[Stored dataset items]
>>>

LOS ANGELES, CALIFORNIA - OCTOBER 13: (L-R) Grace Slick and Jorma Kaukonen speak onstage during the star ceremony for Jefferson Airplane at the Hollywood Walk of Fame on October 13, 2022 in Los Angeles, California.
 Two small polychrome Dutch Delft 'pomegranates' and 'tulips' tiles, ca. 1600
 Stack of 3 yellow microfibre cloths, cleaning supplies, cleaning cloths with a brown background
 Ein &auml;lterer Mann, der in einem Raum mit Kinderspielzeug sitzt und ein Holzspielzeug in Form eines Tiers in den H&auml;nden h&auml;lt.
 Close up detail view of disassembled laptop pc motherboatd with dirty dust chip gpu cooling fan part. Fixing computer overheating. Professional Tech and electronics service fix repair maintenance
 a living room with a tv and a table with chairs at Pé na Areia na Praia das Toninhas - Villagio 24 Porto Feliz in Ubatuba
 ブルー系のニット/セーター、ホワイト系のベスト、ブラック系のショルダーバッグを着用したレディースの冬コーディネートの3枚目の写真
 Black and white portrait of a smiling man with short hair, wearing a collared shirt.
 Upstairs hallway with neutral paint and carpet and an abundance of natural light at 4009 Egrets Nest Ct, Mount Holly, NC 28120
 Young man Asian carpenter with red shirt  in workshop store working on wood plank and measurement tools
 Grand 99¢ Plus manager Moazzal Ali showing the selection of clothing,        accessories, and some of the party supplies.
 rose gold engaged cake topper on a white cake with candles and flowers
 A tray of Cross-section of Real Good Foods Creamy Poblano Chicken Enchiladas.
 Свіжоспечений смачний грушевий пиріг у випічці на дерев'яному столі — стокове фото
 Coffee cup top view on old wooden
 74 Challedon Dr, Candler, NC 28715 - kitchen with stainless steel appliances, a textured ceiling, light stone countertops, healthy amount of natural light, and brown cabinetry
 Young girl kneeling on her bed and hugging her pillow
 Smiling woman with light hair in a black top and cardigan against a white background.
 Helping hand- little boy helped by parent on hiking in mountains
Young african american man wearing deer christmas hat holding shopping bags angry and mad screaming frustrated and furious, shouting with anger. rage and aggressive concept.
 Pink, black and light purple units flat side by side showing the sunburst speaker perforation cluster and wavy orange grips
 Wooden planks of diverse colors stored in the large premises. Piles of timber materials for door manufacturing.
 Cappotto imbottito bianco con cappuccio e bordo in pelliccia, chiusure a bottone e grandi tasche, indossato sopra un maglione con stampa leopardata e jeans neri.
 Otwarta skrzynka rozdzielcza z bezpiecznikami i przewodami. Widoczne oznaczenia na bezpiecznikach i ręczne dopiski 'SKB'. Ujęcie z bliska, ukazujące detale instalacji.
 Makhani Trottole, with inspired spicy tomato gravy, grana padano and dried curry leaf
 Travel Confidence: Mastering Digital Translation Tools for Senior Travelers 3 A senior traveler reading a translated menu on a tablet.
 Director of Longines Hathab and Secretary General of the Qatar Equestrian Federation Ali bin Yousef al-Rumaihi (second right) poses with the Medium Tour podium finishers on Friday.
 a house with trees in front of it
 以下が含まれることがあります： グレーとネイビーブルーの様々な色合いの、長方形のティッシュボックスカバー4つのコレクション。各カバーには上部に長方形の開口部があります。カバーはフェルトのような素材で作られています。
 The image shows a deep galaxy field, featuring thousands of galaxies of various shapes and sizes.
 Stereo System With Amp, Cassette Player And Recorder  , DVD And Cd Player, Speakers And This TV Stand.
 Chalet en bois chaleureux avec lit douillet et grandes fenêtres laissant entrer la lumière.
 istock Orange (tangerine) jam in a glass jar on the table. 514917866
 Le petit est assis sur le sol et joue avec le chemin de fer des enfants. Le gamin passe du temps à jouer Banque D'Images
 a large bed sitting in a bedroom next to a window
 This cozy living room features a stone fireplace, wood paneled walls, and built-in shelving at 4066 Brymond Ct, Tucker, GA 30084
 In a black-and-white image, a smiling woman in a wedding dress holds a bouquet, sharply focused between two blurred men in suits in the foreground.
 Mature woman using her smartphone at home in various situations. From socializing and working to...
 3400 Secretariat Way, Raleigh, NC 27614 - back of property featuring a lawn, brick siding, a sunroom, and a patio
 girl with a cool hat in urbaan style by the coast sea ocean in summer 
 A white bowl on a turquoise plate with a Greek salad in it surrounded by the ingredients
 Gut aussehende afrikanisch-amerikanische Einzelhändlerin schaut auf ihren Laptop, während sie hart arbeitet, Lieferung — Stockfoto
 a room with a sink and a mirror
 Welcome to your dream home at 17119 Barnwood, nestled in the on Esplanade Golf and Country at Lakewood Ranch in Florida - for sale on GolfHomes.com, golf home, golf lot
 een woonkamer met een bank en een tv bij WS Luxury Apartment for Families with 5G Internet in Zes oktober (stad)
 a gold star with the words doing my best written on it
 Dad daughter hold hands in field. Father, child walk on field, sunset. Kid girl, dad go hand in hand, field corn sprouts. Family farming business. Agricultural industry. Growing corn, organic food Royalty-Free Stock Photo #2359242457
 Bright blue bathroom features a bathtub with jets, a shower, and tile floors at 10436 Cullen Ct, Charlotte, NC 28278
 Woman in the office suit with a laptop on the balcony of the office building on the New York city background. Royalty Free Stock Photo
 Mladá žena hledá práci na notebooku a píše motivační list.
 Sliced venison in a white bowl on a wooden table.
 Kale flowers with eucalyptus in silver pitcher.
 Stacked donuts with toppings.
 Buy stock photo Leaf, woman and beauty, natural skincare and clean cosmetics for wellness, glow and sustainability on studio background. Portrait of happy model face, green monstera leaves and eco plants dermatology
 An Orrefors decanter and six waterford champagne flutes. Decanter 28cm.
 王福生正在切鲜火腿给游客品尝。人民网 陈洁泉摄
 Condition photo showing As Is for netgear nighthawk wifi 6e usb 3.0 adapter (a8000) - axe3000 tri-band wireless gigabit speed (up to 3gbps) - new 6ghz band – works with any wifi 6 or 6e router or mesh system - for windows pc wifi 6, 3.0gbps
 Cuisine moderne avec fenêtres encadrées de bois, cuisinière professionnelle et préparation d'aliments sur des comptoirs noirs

<<<

TASK TO CARRY OUT
Print all the records exactly as written.

EXPECTED ANSWER
LOS ANGELES, CALIFORNIA - OCTOBER 13: (L-R) Grace Slick and Jorma Kaukonen speak onstage during the star ceremony for Jefferson Airplane at the Hollywood Walk of Fame on October 13, 2022 in Los Angeles, California.
 Two small polychrome Dutch Delft 'pomegranates' and 'tulips' tiles, ca. 1600
 Stack of 3 yellow microfibre cloths, cleaning supplies, cleaning cloths with a brown background
 Ein &auml;lterer Mann, der in einem Raum mit Kinderspielzeug sitzt und ein Holzspielzeug in Form eines Tiers in den H&auml;nden h&auml;lt.
 Close up detail view of disassembled laptop pc motherboatd with dirty dust chip gpu cooling fan part. Fixing computer overheating. Professional Tech and electronics service fix repair maintenance
 a living room with a tv and a table with chairs at Pé na Areia na Praia das Toninhas - Villagio 24 Porto Feliz in Ubatuba
 ブルー系のニット/セーター、ホワイト系のベスト、ブラック系のショルダーバッグを着用したレディースの冬コーディネートの3枚目の写真
 Black and white portrait of a smiling man with short hair, wearing a collared shirt.
 Upstairs hallway with neutral paint and carpet and an abundance of natural light at 4009 Egrets Nest Ct, Mount Holly, NC 28120
 Young man Asian carpenter with red shirt  in workshop store working on wood plank and measurement tools
 Grand 99¢ Plus manager Moazzal Ali showing the selection of clothing,        accessories, and some of the party supplies.
 rose gold engaged cake topper on a white cake with candles and flowers
 A tray of Cross-section of Real Good Foods Creamy Poblano Chicken Enchiladas.
 Свіжоспечений смачний грушевий пиріг у випічці на дерев'яному столі — стокове фото
 Coffee cup top view on old wooden
 74 Challedon Dr, Candler, NC 28715 - kitchen with stainless steel appliances, a textured ceiling, light stone countertops, healthy amount of natural light, and brown cabinetry
 Young girl kneeling on her bed and hugging her pillow
 Smiling woman with light hair in a black top and cardigan against a white background.
 Helping hand- little boy helped by parent on hiking in mountains
Young african american man wearing deer christmas hat holding shopping bags angry and mad screaming frustrated and furious, shouting with anger. rage and aggressive concept.
 Pink, black and light purple units flat side by side showing the sunburst speaker perforation cluster and wavy orange grips
 Wooden planks of diverse colors stored in the large premises. Piles of timber materials for door manufacturing.
 Cappotto imbottito bianco con cappuccio e bordo in pelliccia, chiusure a bottone e grandi tasche, indossato sopra un maglione con stampa leopardata e jeans neri.
 Otwarta skrzynka rozdzielcza z bezpiecznikami i przewodami. Widoczne oznaczenia na bezpiecznikach i ręczne dopiski 'SKB'. Ujęcie z bliska, ukazujące detale instalacji.
 Makhani Trottole, with inspired spicy tomato gravy, grana padano and dried curry leaf
 Travel Confidence: Mastering Digital Translation Tools for Senior Travelers 3 A senior traveler reading a translated menu on a tablet.
 Director of Longines Hathab and Secretary General of the Qatar Equestrian Federation Ali bin Yousef al-Rumaihi (second right) poses with the Medium Tour podium finishers on Friday.
 a house with trees in front of it
 以下が含まれることがあります： グレーとネイビーブルーの様々な色合いの、長方形のティッシュボックスカバー4つのコレクション。各カバーには上部に長方形の開口部があります。カバーはフェルトのような素材で作られています。
 The image shows a deep galaxy field, featuring thousands of galaxies of various shapes and sizes.
 Stereo System With Amp, Cassette Player And Recorder  , DVD And Cd Player, Speakers And This TV Stand.
 Chalet en bois chaleureux avec lit douillet et grandes fenêtres laissant entrer la lumière.
 istock Orange (tangerine) jam in a glass jar on the table. 514917866
 Le petit est assis sur le sol et joue avec le chemin de fer des enfants. Le gamin passe du temps à jouer Banque D'Images
 a large bed sitting in a bedroom next to a window
 This cozy living room features a stone fireplace, wood paneled walls, and built-in shelving at 4066 Brymond Ct, Tucker, GA 30084
 In a black-and-white image, a smiling woman in a wedding dress holds a bouquet, sharply focused between two blurred men in suits in the foreground.
 Mature woman using her smartphone at home in various situations. From socializing and working to...
 3400 Secretariat Way, Raleigh, NC 27614 - back of property featuring a lawn, brick siding, a sunroom, and a patio
 girl with a cool hat in urbaan style by the coast sea ocean in summer 
 A white bowl on a turquoise plate with a Greek salad in it surrounded by the ingredients
 Gut aussehende afrikanisch-amerikanische Einzelhändlerin schaut auf ihren Laptop, während sie hart arbeitet, Lieferung — Stockfoto
 a room with a sink and a mirror
 Welcome to your dream home at 17119 Barnwood, nestled in the on Esplanade Golf and Country at Lakewood Ranch in Florida - for sale on GolfHomes.com, golf home, golf lot
 een woonkamer met een bank en een tv bij WS Luxury Apartment for Families with 5G Internet in Zes oktober (stad)
 a gold star with the words doing my best written on it
 Dad daughter hold hands in field. Father, child walk on field, sunset. Kid girl, dad go hand in hand, field corn sprouts. Family farming business. Agricultural industry. Growing corn, organic food Royalty-Free Stock Photo #2359242457
 Bright blue bathroom features a bathtub with jets, a shower, and tile floors at 10436 Cullen Ct, Charlotte, NC 28278
 Woman in the office suit with a laptop on the balcony of the office building on the New York city background. Royalty Free Stock Photo
 Mladá žena hledá práci na notebooku a píše motivační list.
 Sliced venison in a white bowl on a wooden table.
 Kale flowers with eucalyptus in silver pitcher.
 Stacked donuts with toppings.
 Buy stock photo Leaf, woman and beauty, natural skincare and clean cosmetics for wellness, glow and sustainability on studio background. Portrait of happy model face, green monstera leaves and eco plants dermatology
 An Orrefors decanter and six waterford champagne flutes. Decanter 28cm.
 王福生正在切鲜火腿给游客品尝。人民网 陈洁泉摄
 Condition photo showing As Is for netgear nighthawk wifi 6e usb 3.0 adapter (a8000) - axe3000 tri-band wireless gigabit speed (up to 3gbps) - new 6ghz band – works with any wifi 6 or 6e router or mesh system - for windows pc wifi 6, 3.0gbps
 Cuisine moderne avec fenêtres encadrées de bois, cuisinière professionnelle et préparation d'aliments sur des comptoirs noirs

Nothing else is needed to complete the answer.